Wow I'm really mad , I just got the smoker in the mail and in had no it or craft paper on secondary box, it was shipped as is. Well now my fathers X-mas gift is no surprise as he brought it in the house. Thanks a lot jannsnetcraft.com what great buisness practice send stuff 3 weeks before the holidays in its original package. Is it just me or does this seem to be very common sence stuff, not rocket science. Sorry had to vent, I called and reallt only thing they could say was sorry (we are stupid). I almost want to send it back, but my fathers face when he told me thanks, and I said for what, he said the smoker, I said darn it,LOL. Thanks for letting me vent I feel better, Victor


----------



## hawgheaven (Dec 6, 2007)

Yeah, that kinda sux, but look at it this way... now you know your Dad likes it and it doesn't have to be returned! You made his Christmas!!


----------



## dougbennett (Dec 9, 2007)

Having used both, I'd disagree with the person who says there's a learning curve for gas smokers. Today, for instance, I was doing a Butt. Other than mopping and adding water and wood, it was as simple as simple can be. And, with a gasser, you can bring the temp right back to 225 with a flick of the wrist. 

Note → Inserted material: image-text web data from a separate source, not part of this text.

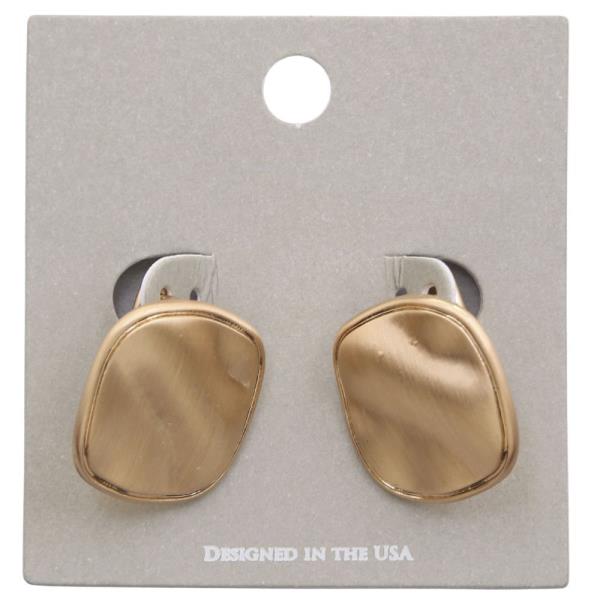 BRUSHED METAL EARRING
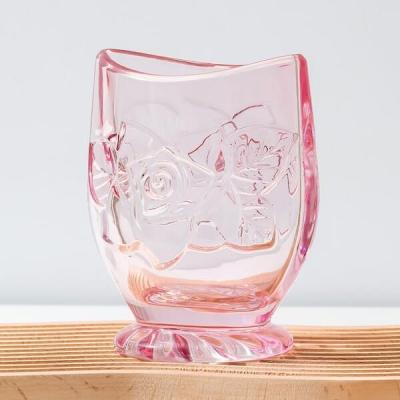 Chine Couleur créative de jet de vase formée par poissons en verre décoratifs 4,5 X 3,25 X 5,45 pouces à vendre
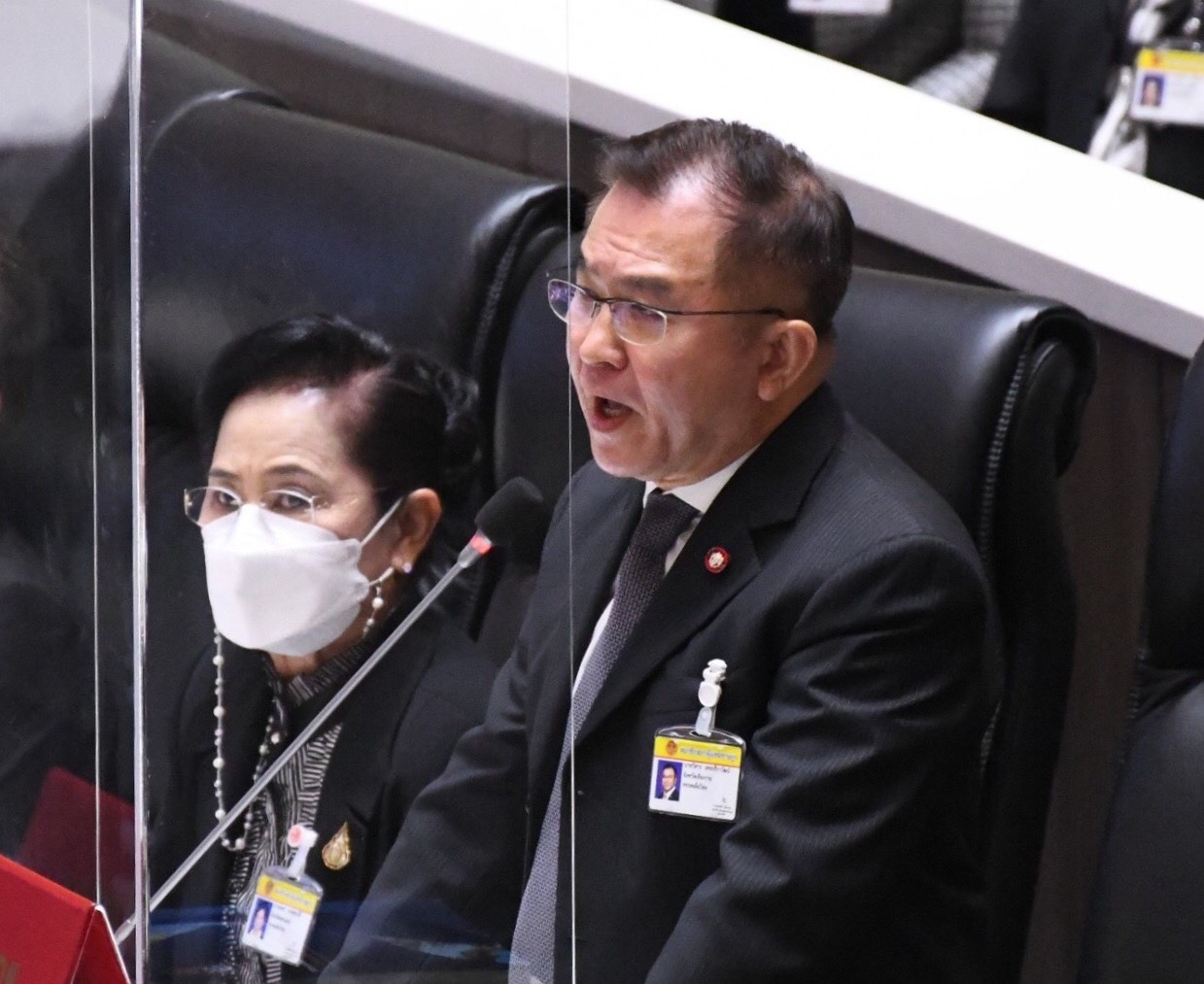 วิสารตะโกนกลางสภา"บิ๊กตู่" แจกส.ส. หัวละ 5 ล้าน  แลกโหวตหนุน "พปชร."สวนทันควัน "โกหก"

Get thee to Wal-Mart and get a propane GOSM for about $100.


----------



## pescadero (Dec 9, 2007)

I didn't see this until it was too late for me to say anything.  Hope you are happy with this choice.  I have both Little Chiefs and Big Chiefs.    Love the Little Chief for Low and Slow Salmon and shellfish.  In my opinion, Big Chief is too hot for traditional Smoked Salmon.  And, neither one have any controls.  You get the factory setting and that is it.  Both are too low for good Poultry and Big Chief is too hot for Fish.

I love mine because they are dedicated to specific uses and are perfect for those.  I just don't think either model is a good all around smoker.  I think there are lots better choices out there.

PM Navionjim and ask him about them.  He is currently in Texas.  But, he is a Pacific Northwest boy and grew up with these smokers, back when they were the only option.  We both did.  In fact they were designed and produced just up the Hwy about an hour.  .  .  back in the day.

You know the standard disclaimer applies.  "This is just my opinion and YMMV".

Skip


----------